19. The regeneration apparatus of claim 18 wherein the heater means includes an electrical heating element.

20. The regeneration apparatus of claim 1 wherein the regeneration means includes an annular member having a lip section, and positioning means for moving the lip section selectively toward the second end of the trap core forming a relatively tight seal therearound for reverse flow regeneration, and selectively away therefrom for normal forward flow filtering operation.

21. The regeneration apparatus of claim 20 wherein the positioning means includes a cap, a piston head within the cap, and an actuating chamber defined therebetween in selective communication with the source of the oxygen-containing gas.

22. The regeneration apparatus of claim 20 wherein the positioning means includes a bellows in selective communication with the source.

23. The regeneration apparatus of claim 1 wherein the trap core is of the ceramic, porous wall flow type, and the source of the oxygen-containing gas is pressurized air supplied independently of the exhaust gases.
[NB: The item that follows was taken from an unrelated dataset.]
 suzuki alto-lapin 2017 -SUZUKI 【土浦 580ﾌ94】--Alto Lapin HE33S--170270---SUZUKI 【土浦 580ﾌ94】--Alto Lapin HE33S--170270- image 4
24. A method of regenerating a particulate trap core including normally exposing a first end of a trap core of the porous wall flow type to a duct containing a source of exhaust gases from an engine having particulate matter therein, and allowing the egress of filtered exhaust gases to another duct at a second end of the trap core, comprising the steps of:

(a) directing a source of an oxygen-containing gas at a controlled rate toward the second end of the trap core through a reverse flow device substantially coaxially aligned therewith;

(b) heating the oxygen-containing gas;

(c) forcing the heated oxygen-containing gas to travel through the trap core and egress at the first end thereof; and

(d) controllably burning the particulate matter contained in the trap core.

25. The method of claim 24 wherein step (a) includes restricting the flow of the oxygen-containing gas by a flow choking orifice in the reverse flow device.

26. The method of claim 24 including the step of (e) sequentially applying steps (a) through (c) to the trap core and to another trap core parallel thereto and similarly exposed to the respective ducts.

27. The method of claim 26 wherein step (e) includes the step of (f) sensing the number of revolutions of the related engine as an approximation of the particulate matter contained in the trap cores and sequentially initiating regeneration of the trap cores.

28. The method of claim 26 including providing another reverse flow device in substantially coaxially aligned relation with the another trap core, each of the reverse flow devices having a movable element defining a movable annular seat, and wherein step (a) includes moving the seat closably toward the respective trap core during regeneration thereof.

29. The method of claim 26 including the step of positioning a single heater unit into a coaxially aligned relation with the respective trap core for regeneration thereof.

30. The method of claim 24 wherein step (b) includes electrically heating the oxygen-containing gas by a heating element located adjacent the second end of the trap core.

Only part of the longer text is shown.